Since this course material is aimed at courses introducing computers and information technology, and is quite focused around working in the terminal (in your shell/command line interpreter), you need to install some software which allows you to have a common environment with your course peers and teachers.

The basic requirement for this course is thus a terminal running a shell, and we have chosen Bash as the shell.

It is in this shell (command line interpreter) you will do most of the work such as exercises, workshops and assignments in the course material.

You also need a web browser and an editor (for editing plain text files) in order to complete the course material.

You cannot follow this course material if you have a Chrome Book with Chrome OS. You need Windows, Mac OS X or GNU/Linux (or Unix).

First choice

For macOS and Windows users

GNU: GNU's Not Unix

The first choice for MacOS and Windows users is to have Ubuntu running on VirtualBox.

Ubuntu is a Linux distribution.

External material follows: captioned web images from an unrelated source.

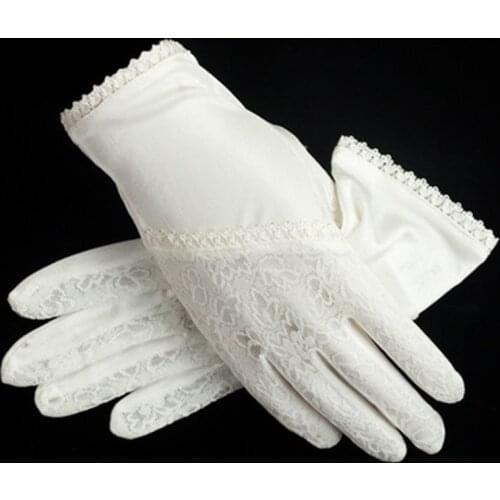 100% Natural Mulberry Silk Gloves Female Summer Thin UV Sunscreen Breathable Sleep Moisturizing Lace Flowers Driving Mittens M49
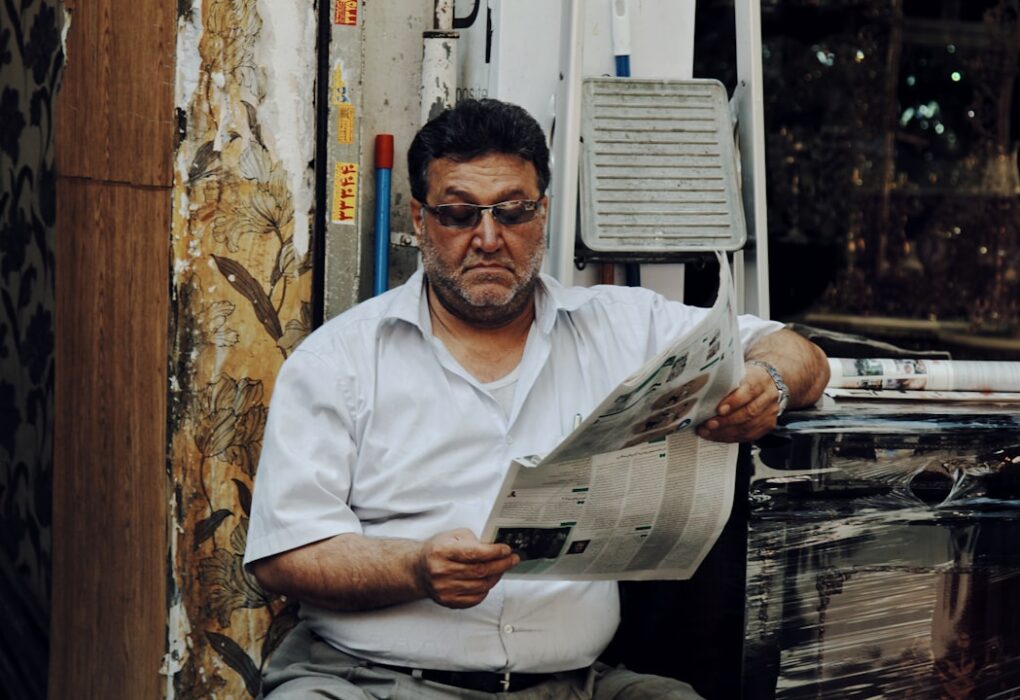 Photo 1 Newspaper 2 Globe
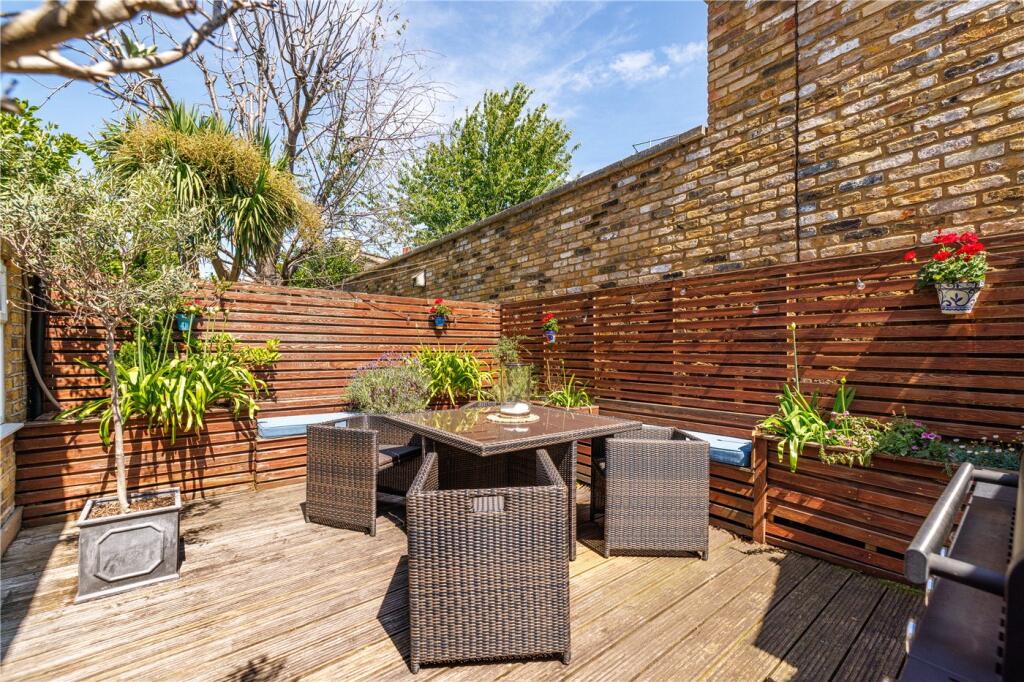 Apartment in London - More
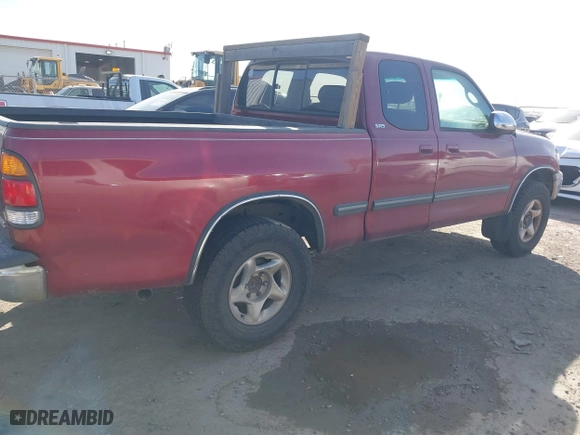 2002 Toyota Tundra SR5 with VIN 5TBRT34122S252537, listed as a IAAI auction lot 41835103 with 195,786 mi miles. Bid and sale history available at carsss.com. Image 4.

We recommend installing Ubuntu on a virtual machine using Oracle VirtualBox (which is free software), so that you can keep your native OS and start a virtual machine whenever you want to run Ubuntu during class. Your computer's OS will be the "host" OS and Ubuntu will then be "guest" OS in the tutorials and manuals below. Make sure to give the guest (Ubuntu) at least 2500 MB as RAM (set Base Memory to around 2500) and a disk with Virtual Size 20 GB (or higher).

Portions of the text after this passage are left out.